Last night I went to see a performance of ‘The Hothouse’ at the Trafalgar Studios in London with my wife Joanna, which had live captioning by STAGETEXT.
I found out that this play was going to be on a while ago, and I really wanted to see it. However, I saw that there wasn’t going to be a captioned performance of it, so I was really disappointed. I contacted STAGETEXT and told them, and they gave me the contact details of Laura, the Deputy Theatre Manager of the Trafalgar Studios. I contacted her to ask if they could put on a captioned performance. I told her how much I had really enjoyed seeing ‘Macbeth’ there a few months earlier by the same director Jamie Lloyd. To my great delight, she e-mailed me back recently to tell me that there would now be a captioned performance by STAGETEXT, so I booked two tickets straightaway.
I think that if you really want to see a particular play but you feel you can’t because you feel it’s not accessible to you, it’s definitely worth contacting the theatre directly and telling them.

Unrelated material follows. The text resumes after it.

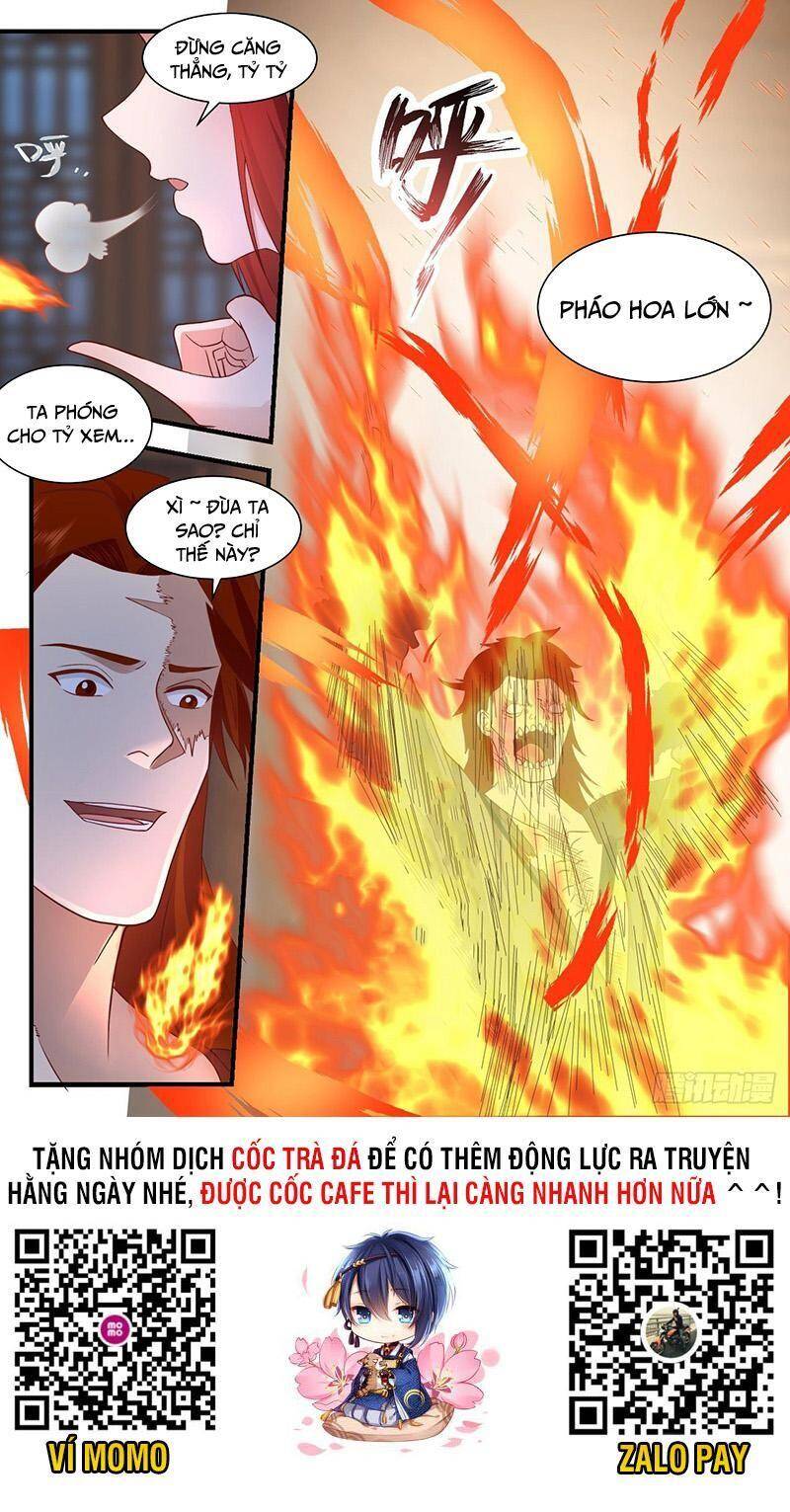 Võ Luyện Đỉnh Phong Chap 2195 - Next Chap 2196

It’s only through letting them know that you want to see it that theatres around the country will take notice and make more of their performances accessible to other deaf/deafened and hard of hearing people like me.
Before the performance, Joanna and I met Laura from Trafalgar Studios and had a chat at the bar. She was really friendly and welcoming. I thanked her for putting on the captioned performance and I told her that I really loved the Trafalgar Studios as it is cosy and intimate and lends itself to captioned performances brilliantly. She explained that they really wanted to make their theatres accessible to all, regardless of peoples’ hearing loss, visual impairment or other disabilities. She said that they want people to tell them if they have access problems so they can make their performances more accessible. She also said that they have ‘access champions’ to help promote greater accessibility and inclusion within all their theatres, which I thought was great.
Once inside the theatre, it was packed. We had really good seats in the middle and I could see the captioning unit clearly, which was above the stage.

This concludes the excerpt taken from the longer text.